╔══

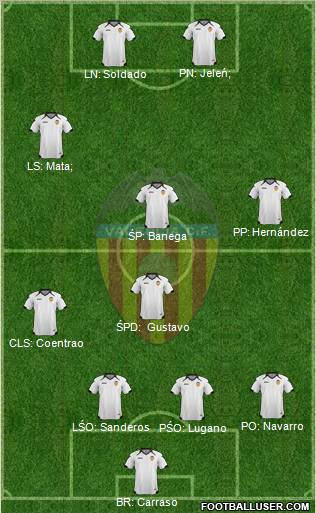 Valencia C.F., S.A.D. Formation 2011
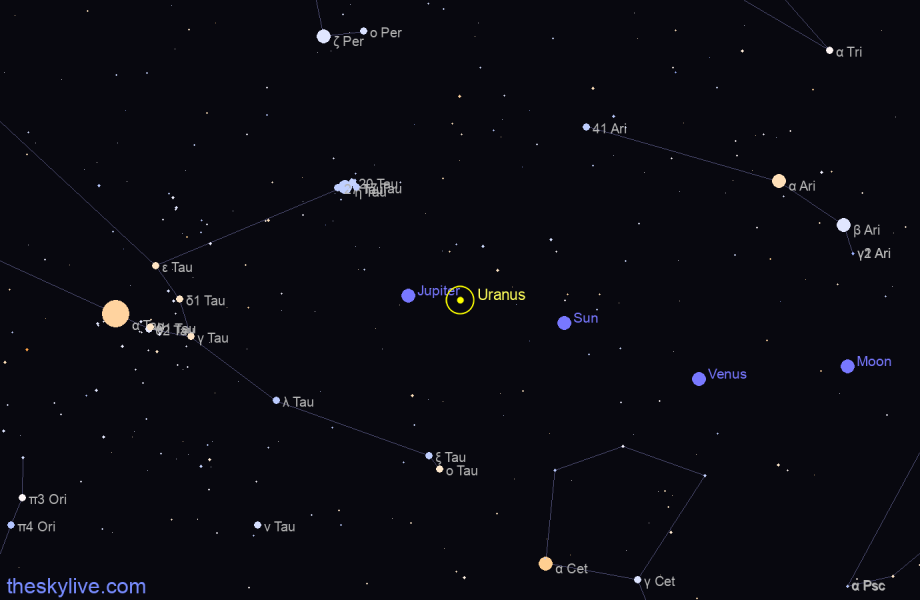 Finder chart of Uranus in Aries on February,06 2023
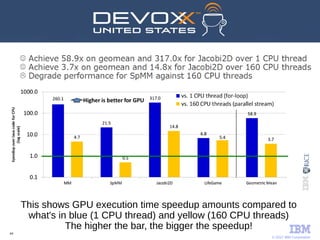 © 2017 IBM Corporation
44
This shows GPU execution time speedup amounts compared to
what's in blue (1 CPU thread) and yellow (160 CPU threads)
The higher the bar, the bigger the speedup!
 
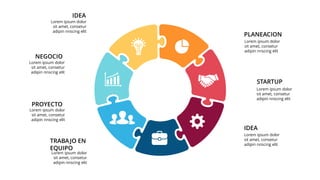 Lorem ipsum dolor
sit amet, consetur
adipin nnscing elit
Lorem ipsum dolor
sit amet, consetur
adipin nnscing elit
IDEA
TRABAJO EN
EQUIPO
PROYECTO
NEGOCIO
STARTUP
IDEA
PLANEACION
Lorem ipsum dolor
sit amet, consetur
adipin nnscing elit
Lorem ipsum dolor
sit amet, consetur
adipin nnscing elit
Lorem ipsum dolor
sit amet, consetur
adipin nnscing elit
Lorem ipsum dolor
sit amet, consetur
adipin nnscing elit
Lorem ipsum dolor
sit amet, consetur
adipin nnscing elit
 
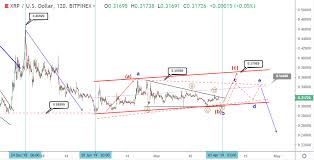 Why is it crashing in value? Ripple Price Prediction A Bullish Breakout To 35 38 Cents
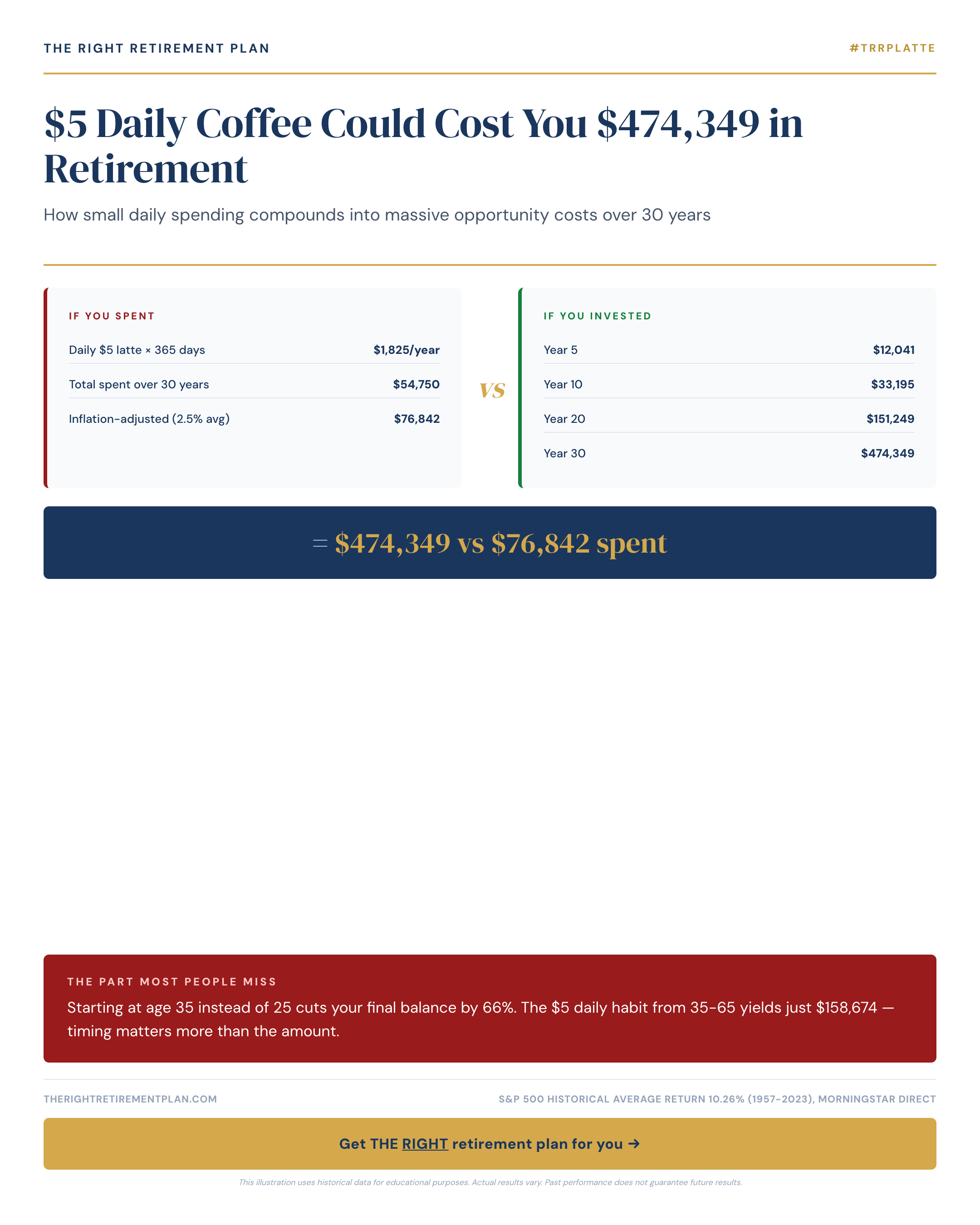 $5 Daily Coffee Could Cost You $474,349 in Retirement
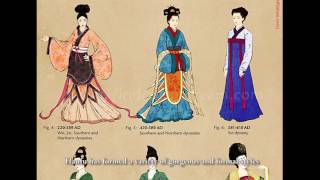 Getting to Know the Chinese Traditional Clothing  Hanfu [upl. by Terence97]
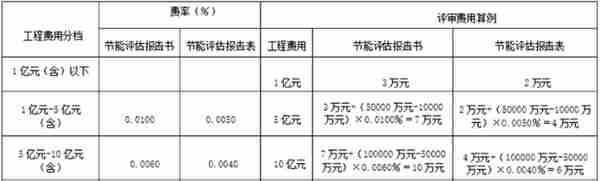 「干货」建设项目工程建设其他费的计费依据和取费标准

╚══

**Your task**
When you write out the material, reproduce each line exactly and omit any picture it holds.

**Answer to this exercise**
 Valencia C.F., S.A.D. Formation 2011
 Finder chart of Uranus in Aries on February,06 2023
 © 2017 IBM Corporation
44
This shows GPU execution time speedup amounts compared to
what's in blue (1 CPU thread) and yellow (160 CPU threads)
The higher the bar, the bigger the speedup!
 
 Lorem ipsum dolor
sit amet, consetur
adipin nnscing elit
Lorem ipsum dolor
sit amet, consetur
adipin nnscing elit
IDEA
TRABAJO EN
EQUIPO
PROYECTO
NEGOCIO
STARTUP
IDEA
PLANEACION
Lorem ipsum dolor
sit amet, consetur
adipin nnscing elit
Lorem ipsum dolor
sit amet, consetur
adipin nnscing elit
Lorem ipsum dolor
sit amet, consetur
adipin nnscing elit
Lorem ipsum dolor
sit amet, consetur
adipin nnscing elit
Lorem ipsum dolor
sit amet, consetur
adipin nnscing elit
 
 Why is it crashing in value? Ripple Price Prediction A Bullish Breakout To 35 38 Cents
 $5 Daily Coffee Could Cost You $474,349 in Retirement
 Getting to Know the Chinese Traditional Clothing  Hanfu [upl. by Terence97]
 「干货」建设项目工程建设其他费的计费依据和取费标准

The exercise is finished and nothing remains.